• PROBLEM TO SOLVE:
Your answer must be the full listing below, repeated exactly, with no pictures in it.

• DATASET EXTRACT:
::::

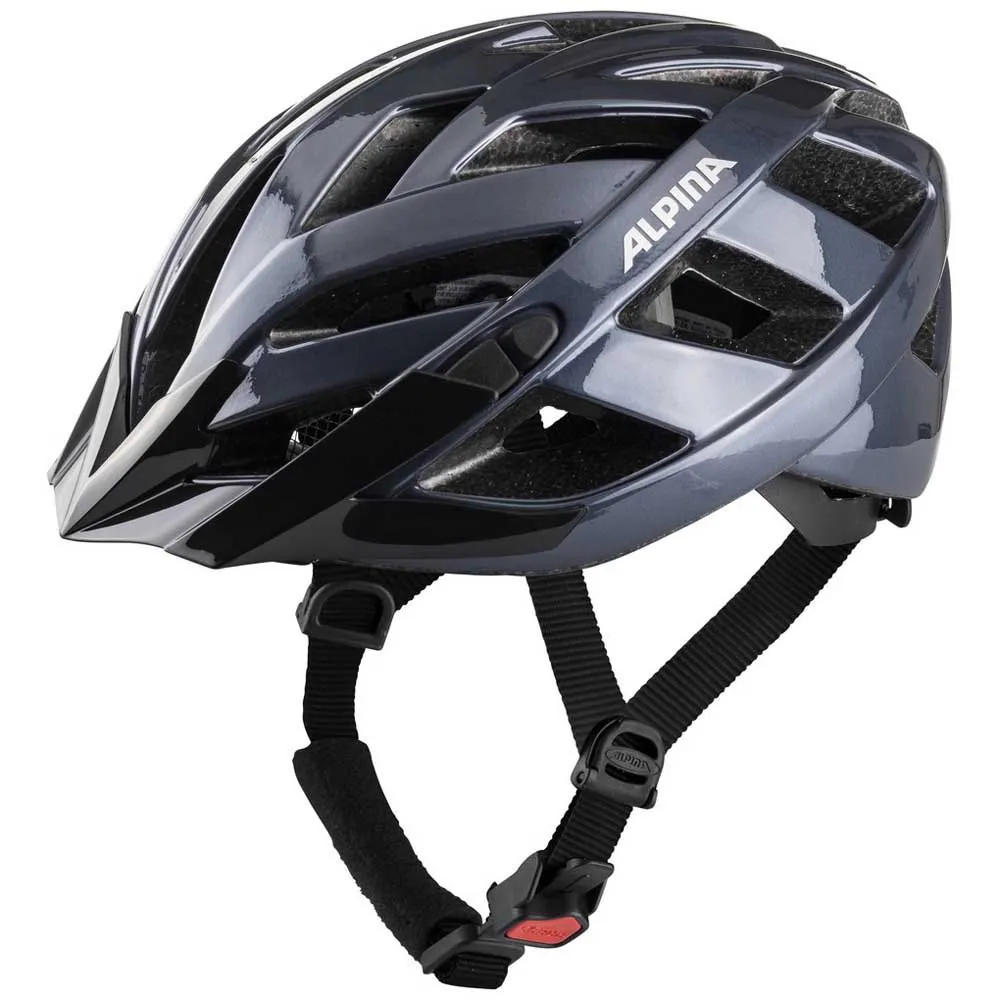 Alpina Casco MTB Panoma Classic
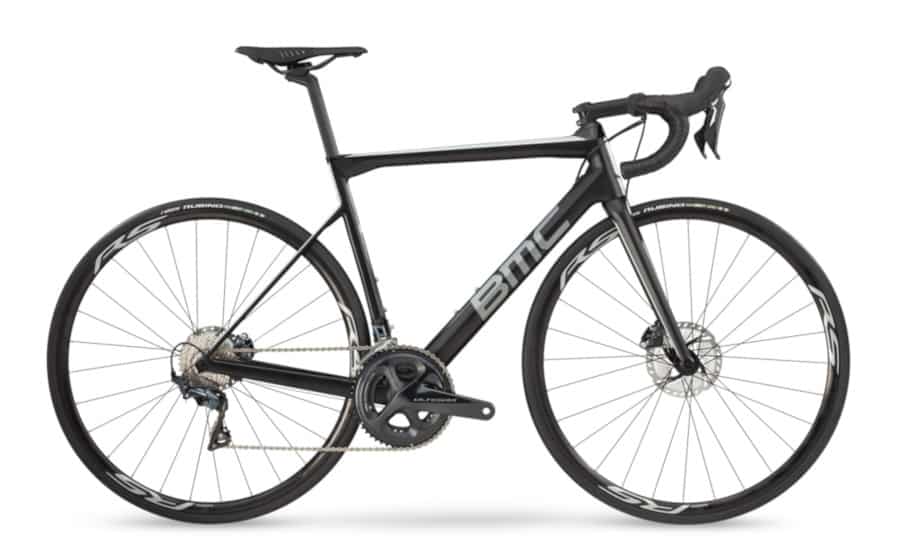 pinarello bikes 2019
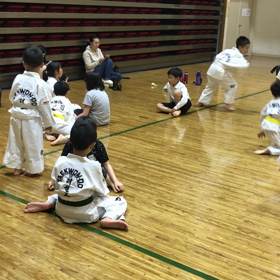2018年4月12日　四日市の画像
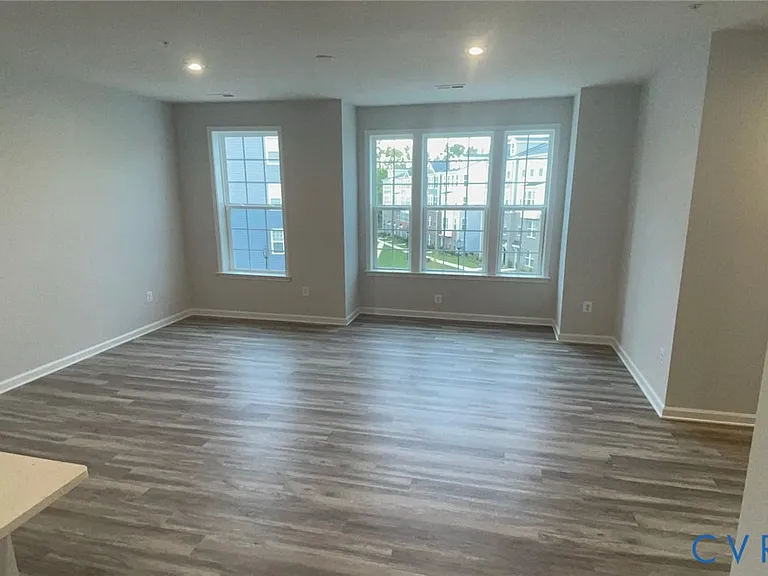 4623 Wistar Creek Dr #B — Photo 10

::::

• SOLUTION TO THIS EXERCISE:
 Alpina Casco MTB Panoma Classic
 pinarello bikes 2019
2018年4月12日　四日市の画像
 4623 Wistar Creek Dr #B — Photo 10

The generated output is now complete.